Part of Advances in Neural Information Processing Systems 27 (NIPS 2014)

Bibtex Metadata Paper Reviews


Miles Lopes


We study the residual bootstrap (RB) method in the context of high-dimensional linear regression. Specifically, we analyze the distributional approximation of linear contrasts $c^{\top}(\hat{\beta}_{\rho}-\beta)$, where $\hat{\beta}_{\rho}$ is a ridge-regression estimator. When regression coefficients are estimated via least squares, classical results show that RB consistently approximates the laws of contrasts, provided that $p\ll n$, where the design matrix is of size $n\times p$. Up to now, relatively little work has considered how additional structure in the linear model may extend the validity of RB to the setting where $p/n\asymp 1$. In this setting, we propose a version of RB that resamples residuals obtained from ridge regression. Our main structural assumption on the design matrix is that it is nearly low rank --- in the sense that its singular values decay according to a power-law profile. Under a few extra technical assumptions, we derive a simple criterion for ensuring that RB consistently approximates the law of a given contrast. We then specialize this result to study confidence intervals for mean response values $X_i^{\top} \beta$, where $X_i^{\top}$ is the $i$th row of the design.

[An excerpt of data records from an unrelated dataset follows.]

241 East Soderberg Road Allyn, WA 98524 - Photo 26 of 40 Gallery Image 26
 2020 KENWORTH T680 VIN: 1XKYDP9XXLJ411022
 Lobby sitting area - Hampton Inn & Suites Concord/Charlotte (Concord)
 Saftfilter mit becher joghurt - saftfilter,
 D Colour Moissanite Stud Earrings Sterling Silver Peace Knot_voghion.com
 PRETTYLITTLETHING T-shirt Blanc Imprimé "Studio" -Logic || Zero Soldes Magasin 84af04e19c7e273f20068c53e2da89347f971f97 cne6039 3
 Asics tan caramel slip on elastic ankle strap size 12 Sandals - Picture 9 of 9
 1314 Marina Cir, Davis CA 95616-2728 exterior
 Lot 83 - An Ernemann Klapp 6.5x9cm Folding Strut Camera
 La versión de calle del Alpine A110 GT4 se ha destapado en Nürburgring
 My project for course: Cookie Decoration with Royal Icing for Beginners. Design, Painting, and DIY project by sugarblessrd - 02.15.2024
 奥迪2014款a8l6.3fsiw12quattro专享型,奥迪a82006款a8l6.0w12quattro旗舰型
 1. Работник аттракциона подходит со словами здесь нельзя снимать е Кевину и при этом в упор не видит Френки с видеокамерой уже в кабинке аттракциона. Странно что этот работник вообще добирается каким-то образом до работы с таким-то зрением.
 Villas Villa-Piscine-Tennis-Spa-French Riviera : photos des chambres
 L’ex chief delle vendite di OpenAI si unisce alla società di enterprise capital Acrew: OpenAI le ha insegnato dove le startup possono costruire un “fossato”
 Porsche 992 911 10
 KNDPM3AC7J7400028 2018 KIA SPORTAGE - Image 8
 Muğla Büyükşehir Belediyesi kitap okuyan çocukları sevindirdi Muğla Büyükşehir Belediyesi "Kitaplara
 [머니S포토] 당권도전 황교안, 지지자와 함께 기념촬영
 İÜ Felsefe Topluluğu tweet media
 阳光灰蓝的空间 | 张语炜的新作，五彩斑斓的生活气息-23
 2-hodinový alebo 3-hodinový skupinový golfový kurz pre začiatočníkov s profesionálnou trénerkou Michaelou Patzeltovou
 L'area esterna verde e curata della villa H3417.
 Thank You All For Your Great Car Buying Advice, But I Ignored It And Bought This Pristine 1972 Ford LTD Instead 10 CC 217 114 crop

More precisely, we show that conditionally on a Gaussian design with near low-rank structure, RB \emph{simultaneously} approximates all of the laws $X_i^{\top}(\hat{\beta}_{\rho}-\beta)$, $i=1,\dots,n$. This result is also notable as it imposes no sparsity assumptions on $\beta$. Furthermore, since our consistency results are formulated in terms of the Mallows (Kantorovich) metric, the existence of a limiting distribution is not required.